How Science & Technology cradles with one another!

Updated: Oct 27, 2020

Science and technology have a symbiotic relationship with one another, one cradles the other, and so it is obvious that the trend of scientific and technological development increases exponentially with time and testament to the fact is that there have been more scientific discoveries in the past 400 years than in the past 4000. This enables us to embark on a journey together, to relive and rediscover the science and technology that was essential at the time of discovery, but are now deemed obsolete by the very society that used them to develop itself into the global civilization that it is today.

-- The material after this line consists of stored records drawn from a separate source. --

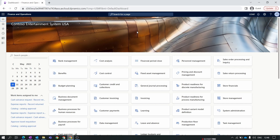Hello everyone and welcome to the RDRX35 Finance and Operations module training series. In our previous episode we created a basic purchase trade agreement for the purchase price, and in the next couple of videos we discuss the different purchase discount trade agreements. In the current episode we discuss the line discount trade agreement.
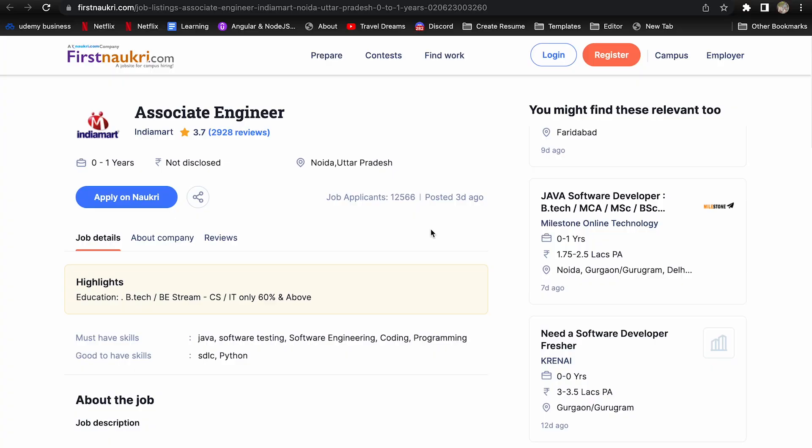Hi guys, welcome to my channel. In today's video, I'm going to talk about opportunities for freshers. Please watch the video till the end.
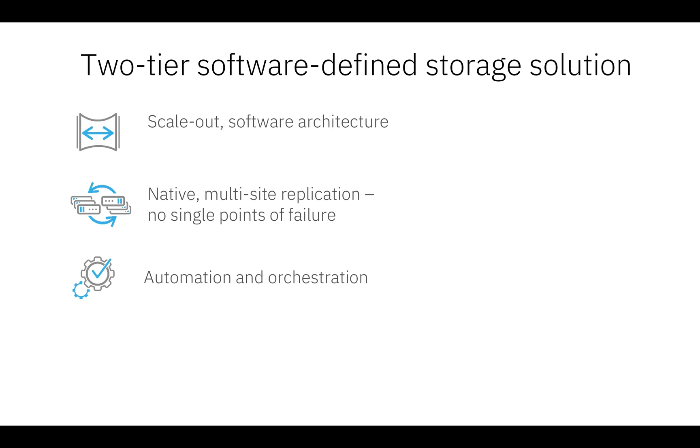There are no single points of failure because Hedwig not only spreads the data across the cluster, even metadata is completely distributed across the entire cluster. Hedwig also provides programmable REST-based APIs to simplify and completely automate your entire storage operations.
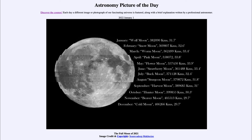Here we get to see all 12 of those full moons — one strip of each — taken with the same camera and scaled so that we can see the changing sizes of the moon over the course of the year. That was our picture of the day for January the 1st of 2022, titled 'The Full Moon of 2021.'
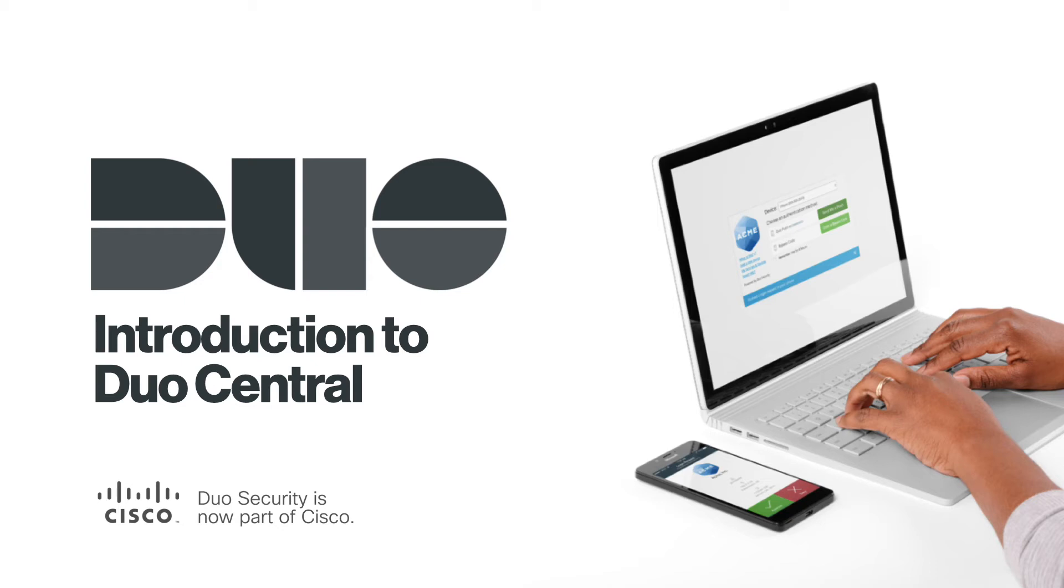Hi, I'm Cody from Duo Security, now part of Cisco. In this video, we are going to provide an overview of Duo Central and explain how to give your users the digital work experience they want with everything in one place.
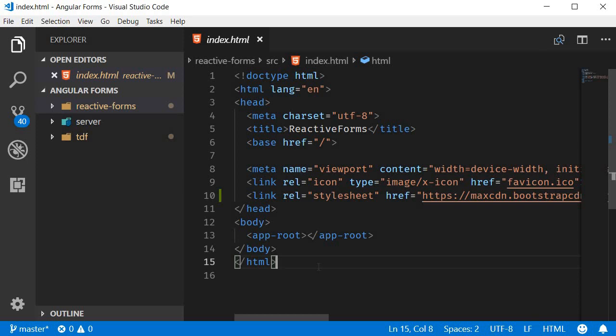In this video let's add the HTML in our component template. To keep it simple we will be creating a user registration form.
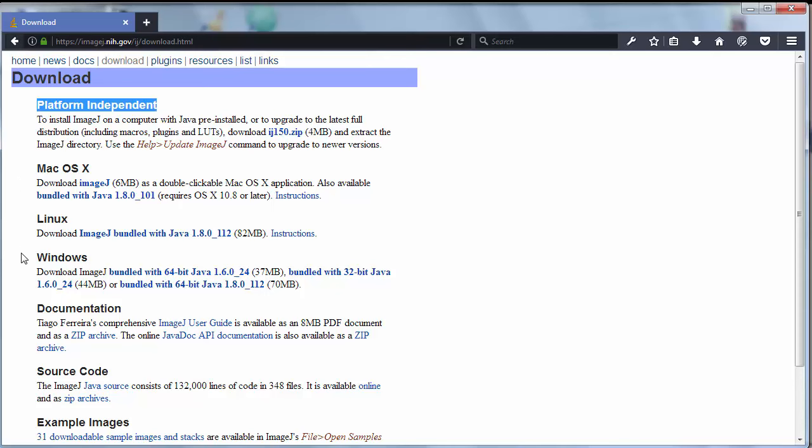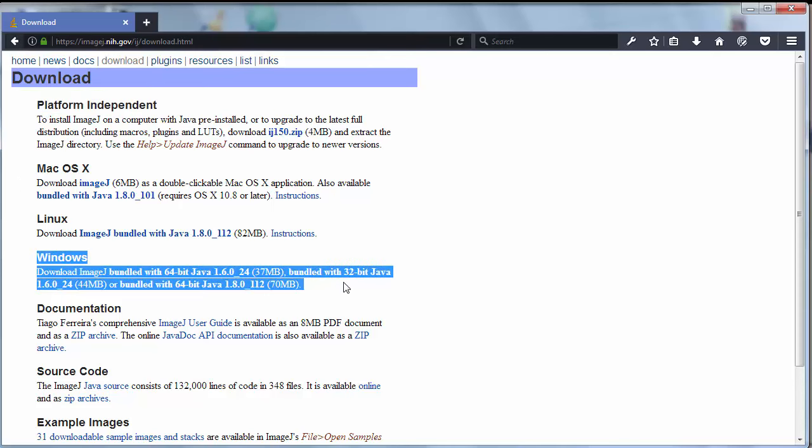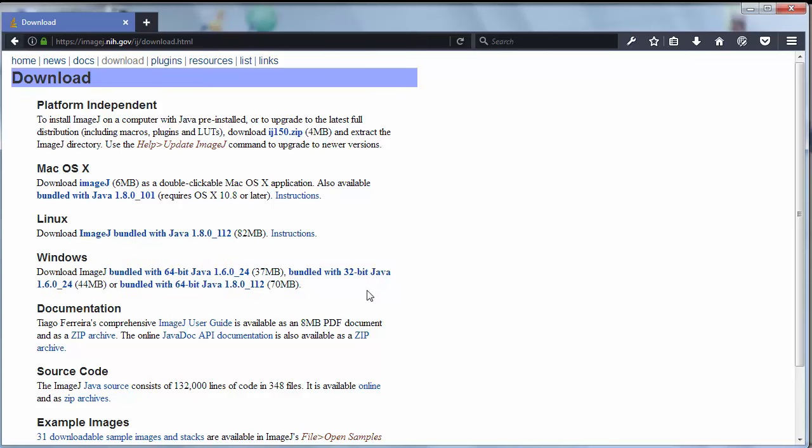I'm gonna download it for Windows. Here I'm having three different installation files.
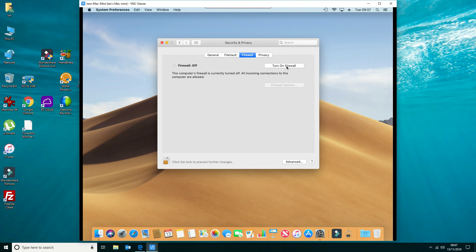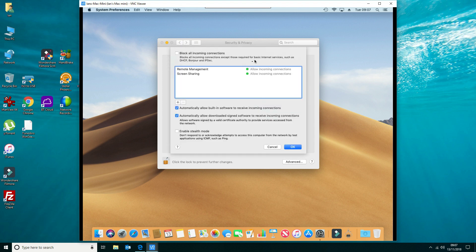What you want to do is click on the button to turn on the firewall. Once that's switched on, we're going to go into the options just to make sure we've got things set correctly.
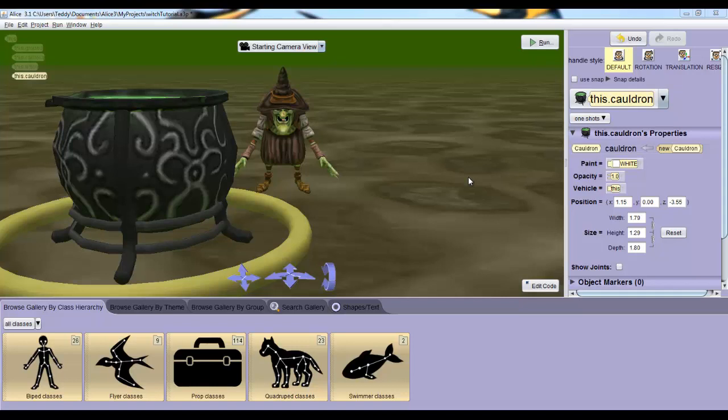Hey again. As promised, we're going to talk about the camera in this video. So check out the details pane on the right. If you don't see this, make sure you click setup scene in the scene view on the main interface.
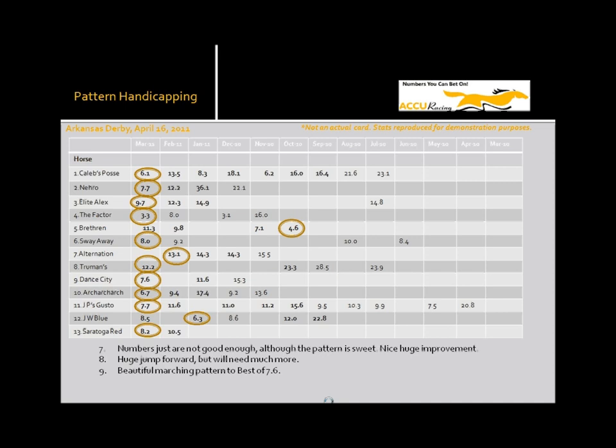Dance City, on the other hand, has got another one of those just marching forward, beautiful marching pattern. 15.3, 11.6, 7.6. This guy is just heading in the right direction.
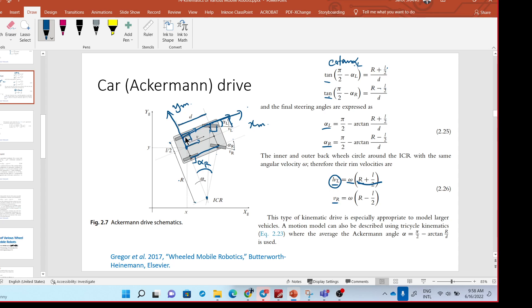There appears to be something missing in this part of the derivation. I will recheck and get back to you in the next lecture for this section.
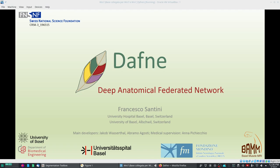Hello and welcome to this tutorial about Daphne, Deep Anatomical Federated Network, a program for medical image segmentation based on incremental and federated learning. My name is Francesco Santini from the University Hospital Basel, and this project is a collaboration between the University Hospital, the University of Basel and the Fondazione Mondino in Pavia.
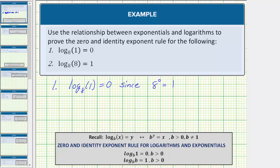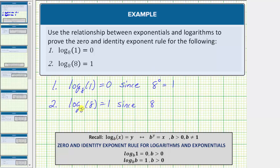And now for number two. We have log base eight of eight equals one. This is true since, as an exponential equation, the base b is equal to eight. A logarithm is an exponent, and therefore the exponent y is equal to one, and this must equal the number eight, which is x in our equation. So log base eight of eight equals one, since eight raised to the power of one equals eight.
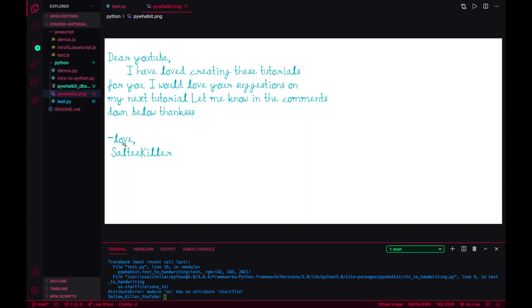And there it is. Dear YouTube, I have loved creating these tutorials for you. I love your suggestions on my next tutorial. Let me know in the comments down below. Thanks, cool. And it even kept all of my indentation and just looks really good.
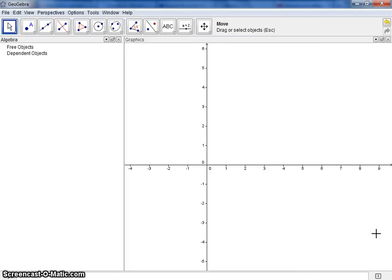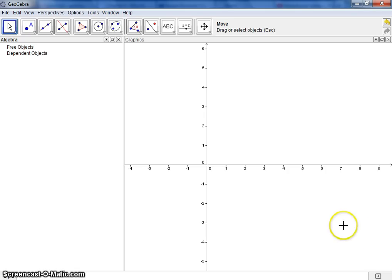Hello, this is Mr. Chu, taking you through the construction of the three altitudes of a triangle. Now recall that an altitude of a triangle is a perpendicular segment from a vertex to the opposite side or to a line containing the opposite side.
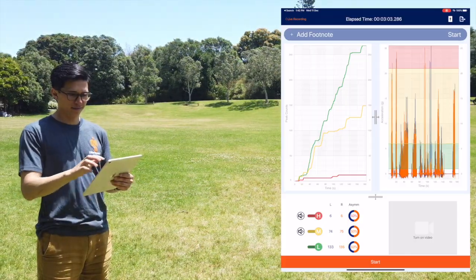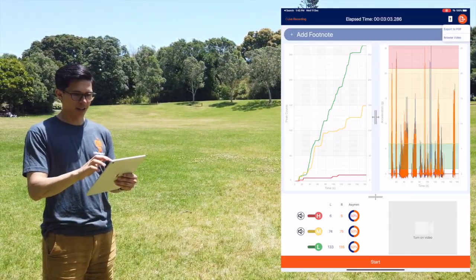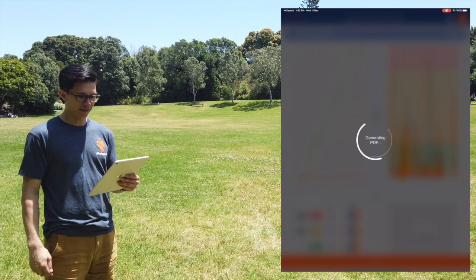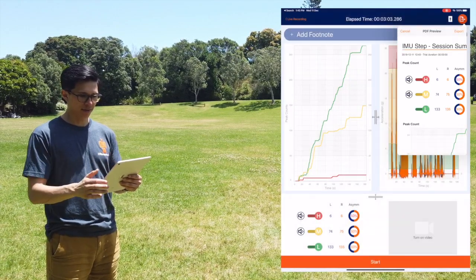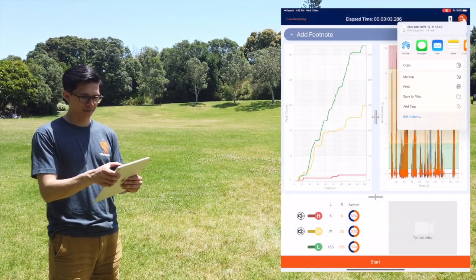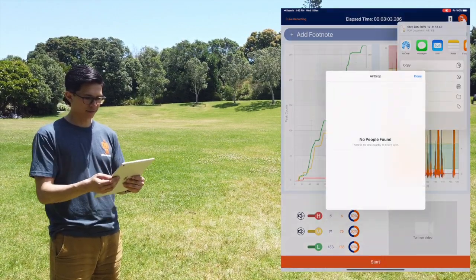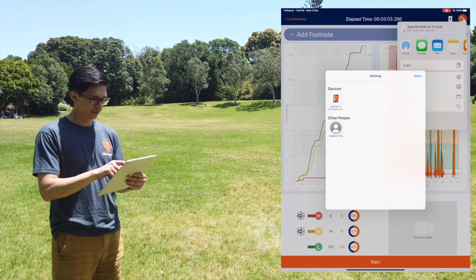To end your live recording, tap End Recording. To quickly export a PDF of your session, tap the export icon and select the appropriate method with which to send it, for example via AirDrop.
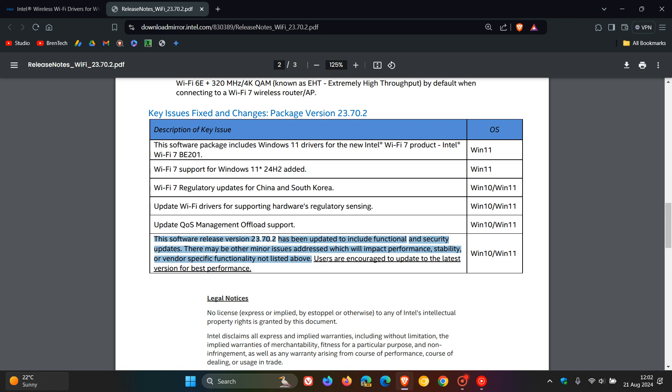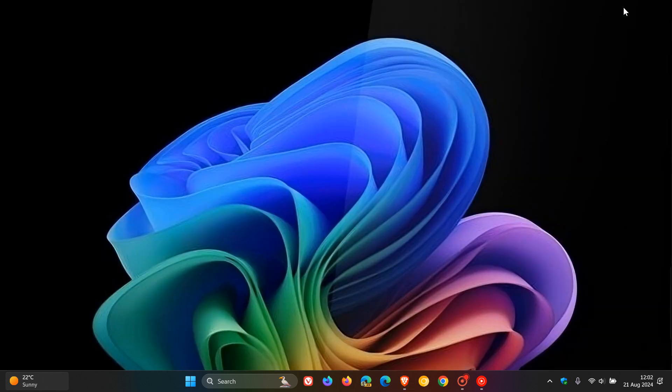And just letting you know, because I do know that some of you are running 24H2 in the Insider program already, and one or two may already have your hands on a Copilot Plus PC. So that's the new Wi-Fi drivers carrying support for Windows 11 24H2. That's for Wi-Fi 7 support and that's Wi-Fi driver 2370.2. So thanks for watching and I'll see you in the next one.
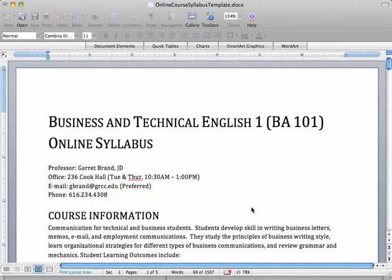This initial draft is what you're going to post in the discussion board during week two to get feedback from your peers.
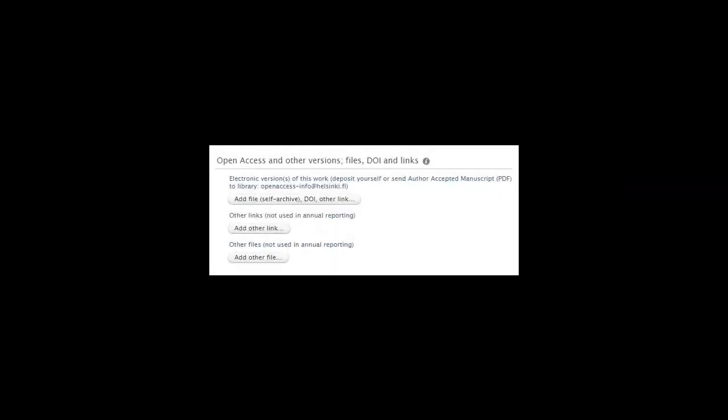After this short excursion, we can return to the self-archiving process itself. We were in Tuhat form, in point, open access and other versions, files, DOI and links, add file or self-archive. Let us continue by clicking add file or self-archiving.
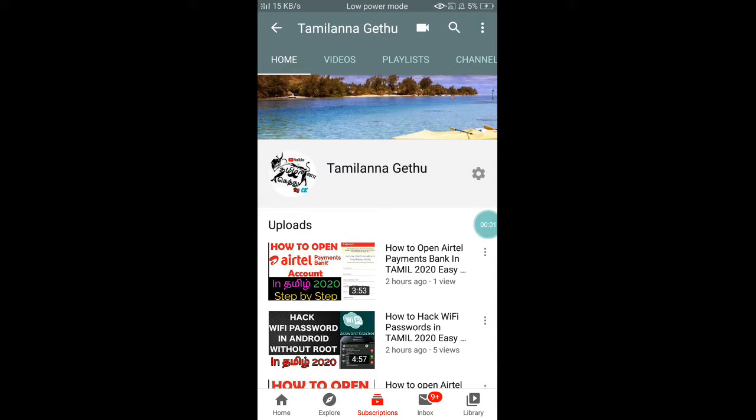Hello friends, welcome back to our channel Tamiliana Gethu. This is a very good video. Please check this video and support our channel.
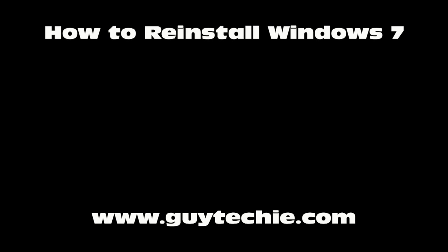Hi, this is Norman from GuyTechie.com. In this video, I will show you how to reinstall Windows 7.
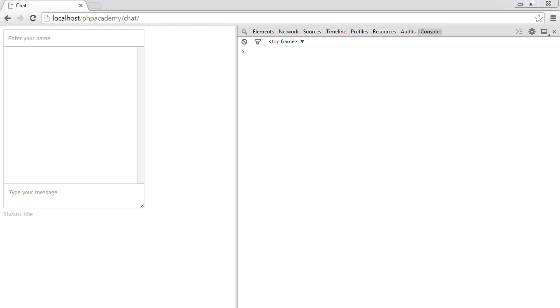In this part we're going to aim to allow a user to enter a message in here along with their name as well and have this sent to our Node.js server and then subsequently inserted into our MongoDB database.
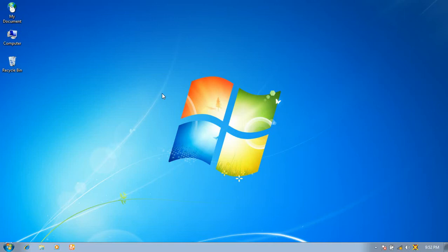Hey guys, welcome to our channel Winter Production. Today we have learned how to sort the icons on our desktop screen. If you haven't subscribed to our channel, please like and subscribe. The subscribe link is given above the video and also below the video.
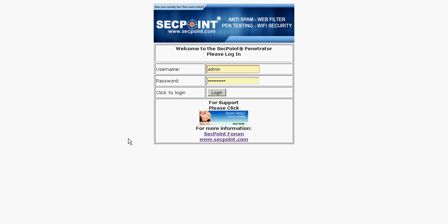Hi, my name is Victor Christiansen and I'm the director of segpoint.com. Today I want to show you how to log into a penetrator appliance and show you the main benefits of the penetrator appliance.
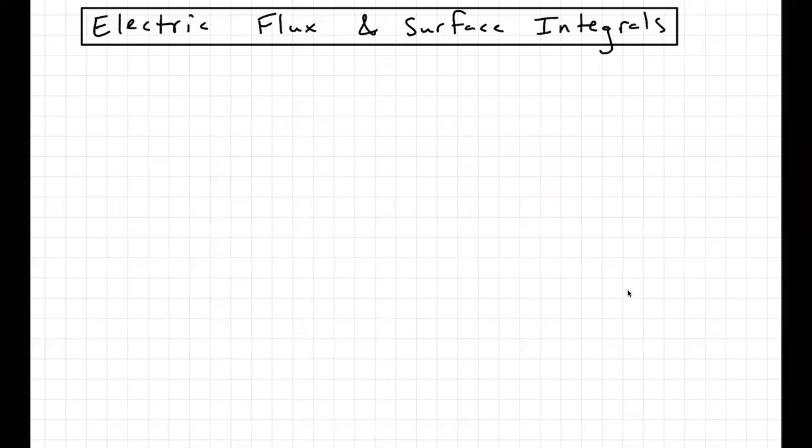Hello! In this video, I want to give an introduction to the concept of electric flux and surface integrals generally.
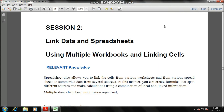Hello everyone, welcome back to the IT class. This is your IT teacher Sumit Sadhana. In the last videos we covered half of our chapter on electronic spreadsheet. In this video we'll be dealing with our session tools — that is, link data and spreadsheet, as you can see the topic is already opened on your computer screen.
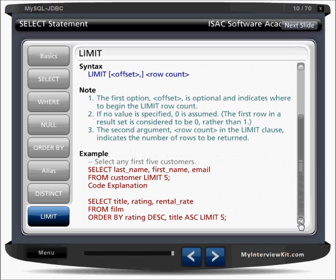For example: SELECT last_name, first_name, email FROM customer LIMIT 5 — so five rows will display. You can also combine ORDER BY and LIMIT, for instance: ORDER BY rating DESC, then title, then LIMIT 5 — so only the first top three records matching those sort criteria will display.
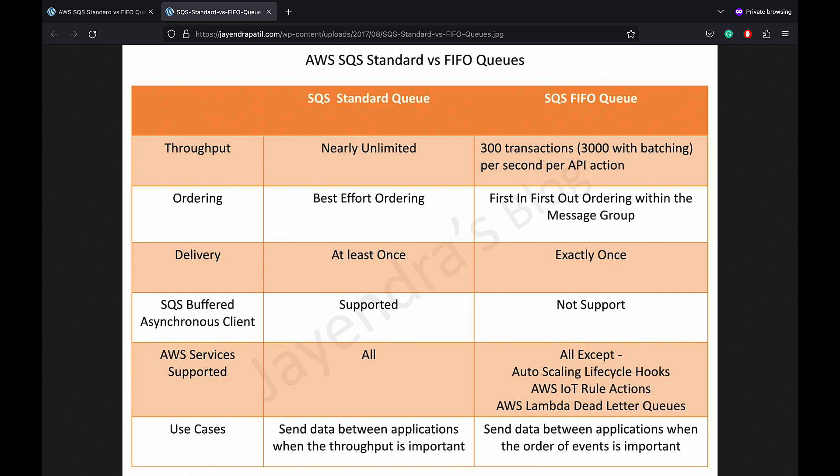Compatibility: While SQS Standard queues support all features, events, and services, FIFO queues currently don't support SQS Buffered Asynchronous Client, and events and services like S3 Event Notification, Autoscaling Lifecycle Hooks, IoT Rule Actions, and Lambda Dead-letter queues.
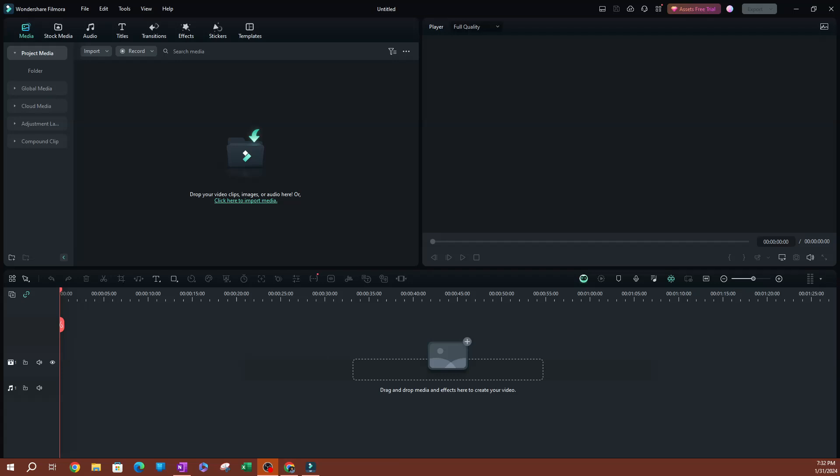In this video, I'm going to be showing you how to delete installed effects in Filmora. This might help you save space on your computer. If your Filmora is being slow, this is one of the ways that you can fix that.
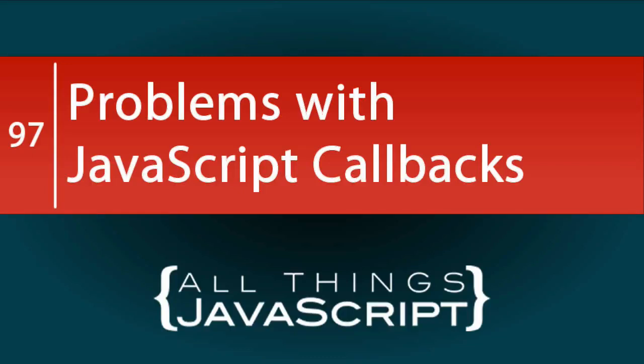In the last tutorial, we dealt with asynchronous coding in preparation for a discussion on promises. In this tutorial, we are going to talk about the problems with callbacks as they have been and in many ways are still the mainstay of asynchronous coding in JavaScript.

Our journey starts when the early man understood the need of light in protection from nocturnal animals, the need for warmth, and so fire was invented. The early human soon discovered, as helpful as fire is in keeping wild animals away, making food more delicious, it was also very dangerous and so had to be kept away from the self, this is where technology enters the scene. cavemen discovered that certain materials can light up faster than others and can be used to sustain the fire for longer, and so they realized that by holding on to a stick with fire at the other end serves the purpose of a probe that could be used to scare away animals and at the same time not hurt the person wielding the fire. Then, after centuries of tinkering with the idea of fire, by men and women far wiser than us, we have now an arsenal of tools that efficiently mimic every aspect of fire as well as display some qualities while others are not. The need for security, one has weapons, missiles, armors and so on. for the heat, one has pocket body warmers, air conditioning devices, for light, we now have floodlights, sound navigation ranging (SONAR) that eliminates the need for light completely, infrared imaging, that has the ability to let the user visualize and comprehend the objects that normal light could not reach, and so on. Our point is that if something as simple as fire could lead to so many inventions, most of which were not even intended for the same purpose as that of the fire, imagine extrapolating this to other concepts as well. This journey of ours is one that shifts and evolves with time itself, and hence has no end to it. Everyday, someone tinkering in some lab or workshop stumbles upon an idea that will change the course of human civilization only to realize that someone will find a better idea tomorrow that would either render their work meaningless or would build upon that idea. This in the long run would create a cascading effect which may not be apparent at the time but would definitely find its way into a stone tablet, parchment paper or a magazine like ours.